__Task goal__. Copy every entry exactly as given, minus the images.

__Short text fragments from websites__.
--

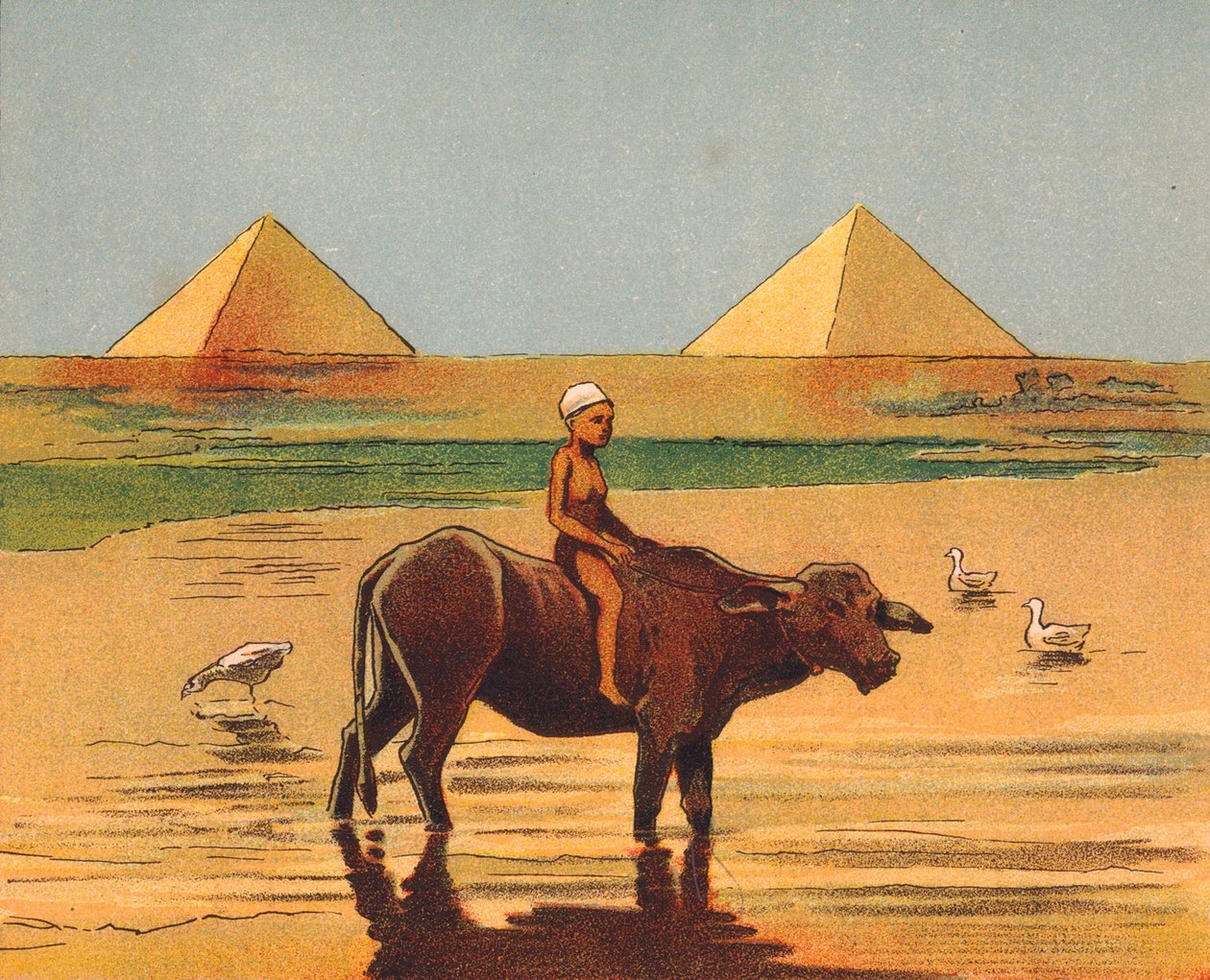 صبي يركب ثورًا أمام الأهرامات، مصر (صورة حجرية ملونة) بواسطة مدرسة اللغة الإنجليزية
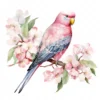 18 High-Quality Pink Bourke Parakeet Clipart - Pink parakeet digital watercolor JPG instant download for commercial use - Digital download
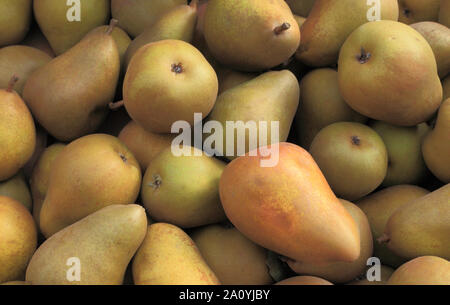 Pear 'Beurre Hardy', pears, healthy eating, Pyrus Communis Stock Photo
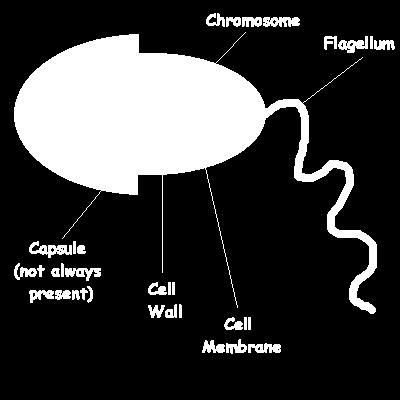 Kapsül: Bazı bakterilerde, hücre çeperini saran ayrı bir kat bulunmaktadır.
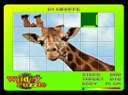 Wild Puzzle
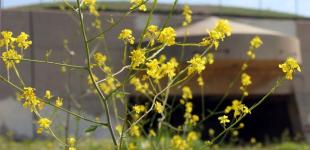 Якою буде погода у квітні: прогноз Укргідрометцентру на місяць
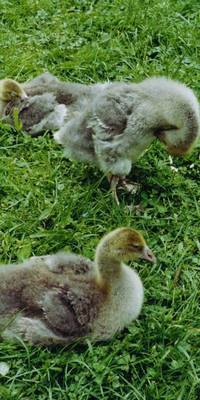 Gnslein beim Schlafen und Sichputzen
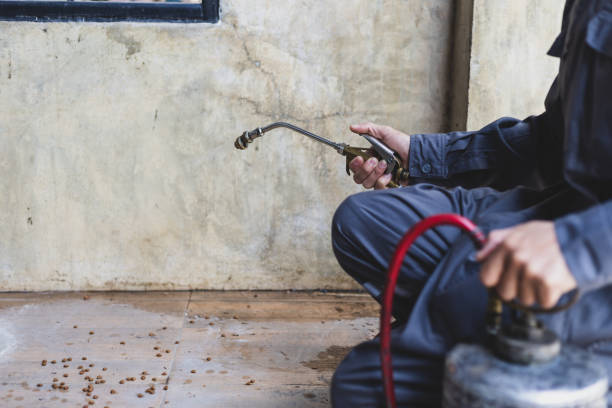Best Emergency Pest Control  in Estero, FL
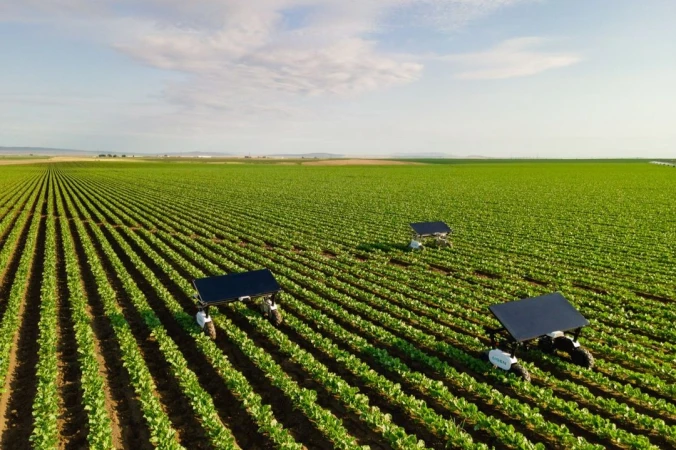Agricultural robots work in rows across a vast green farmland under a light blue sky, showcasing precision farming technology and innovation.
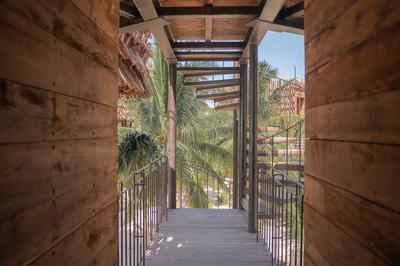 Treehouse Suite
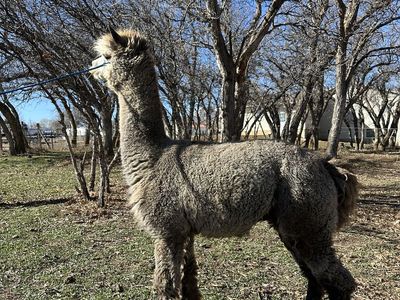 Alpaca Stud Service BREEDING ONLY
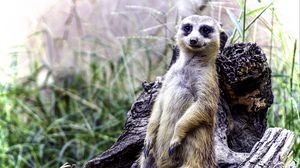 Preview wallpaper meerkat, posing, funny, cute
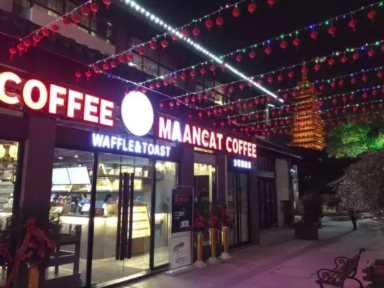 漫猫咖啡和星巴克对比,漫猫咖啡馆怎么样插图7 咖啡加盟10大品牌 漫猫咖啡是你大展拳脚的好选择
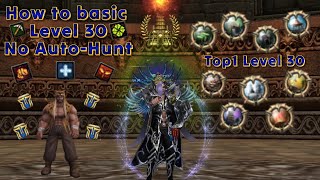 metin2 Carpathians How to basic Level 30 Without AutoHunt [upl. by Deery]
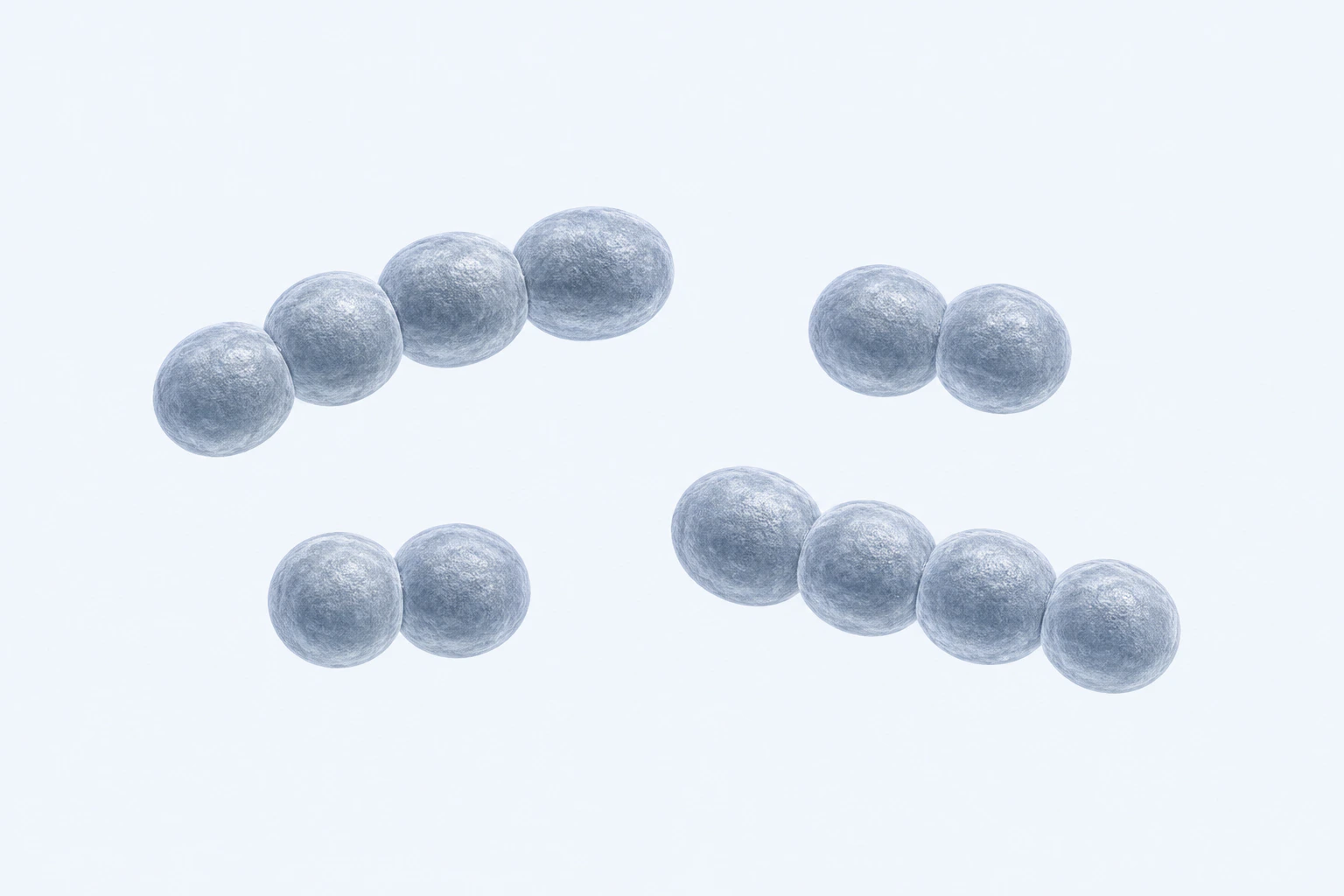 Twelve selected Streptococcus gallolyticus cocci appear in two chains of four and two opposed pairs.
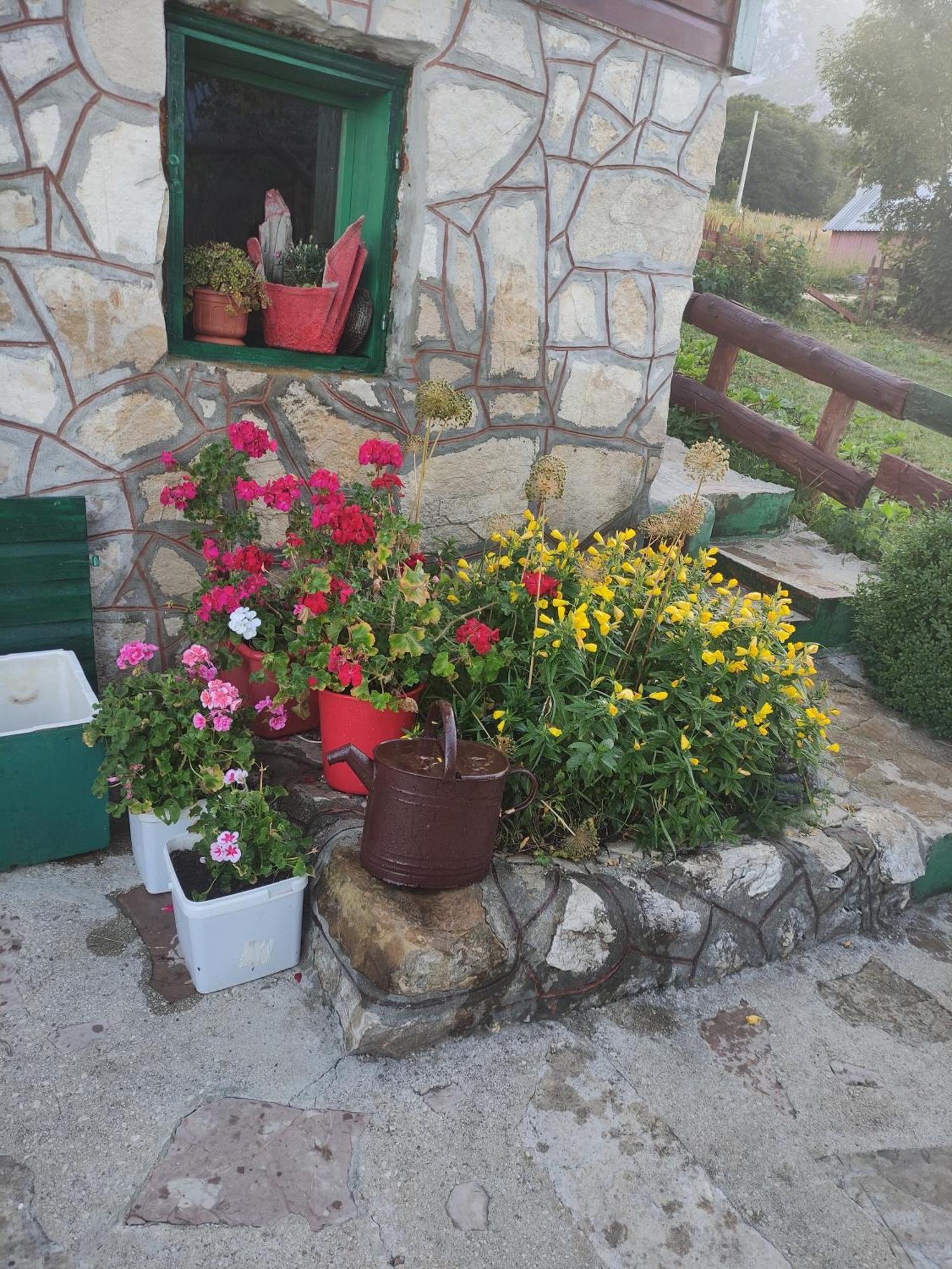 Durmitorska Koliba Sa Kupatilom Villa Žabljak Kamer foto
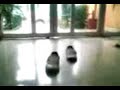 phantom shoes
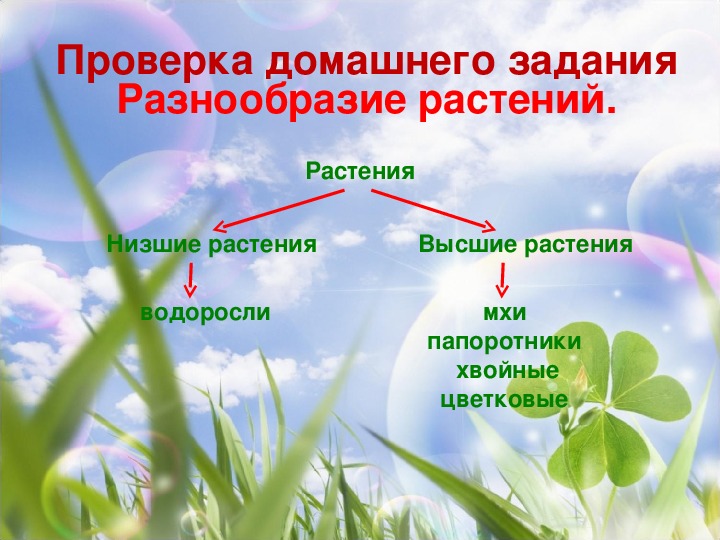 Презентация мир растений окружающий мир 3 класс. Солнце растения и мы с вами 3 класс.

--

__Output for this task__.
 صبي يركب ثورًا أمام الأهرامات، مصر (صورة حجرية ملونة) بواسطة مدرسة اللغة الإنجليزية
 18 High-Quality Pink Bourke Parakeet Clipart - Pink parakeet digital watercolor JPG instant download for commercial use - Digital download
 Pear 'Beurre Hardy', pears, healthy eating, Pyrus Communis Stock Photo
 Kapsül: Bazı bakterilerde, hücre çeperini saran ayrı bir kat bulunmaktadır.
 Wild Puzzle
 Якою буде погода у квітні: прогноз Укргідрометцентру на місяць
 Gnslein beim Schlafen und Sichputzen
Best Emergency Pest Control  in Estero, FL
Agricultural robots work in rows across a vast green farmland under a light blue sky, showcasing precision farming technology and innovation.
 Treehouse Suite
 Alpaca Stud Service BREEDING ONLY
 Preview wallpaper meerkat, posing, funny, cute
 漫猫咖啡和星巴克对比,漫猫咖啡馆怎么样插图7 咖啡加盟10大品牌 漫猫咖啡是你大展拳脚的好选择
 metin2 Carpathians How to basic Level 30 Without AutoHunt [upl. by Deery]
 Twelve selected Streptococcus gallolyticus cocci appear in two chains of four and two opposed pairs.
 Durmitorska Koliba Sa Kupatilom Villa Žabljak Kamer foto
 phantom shoes
 Презентация мир растений окружающий мир 3 класс. Солнце растения и мы с вами 3 класс.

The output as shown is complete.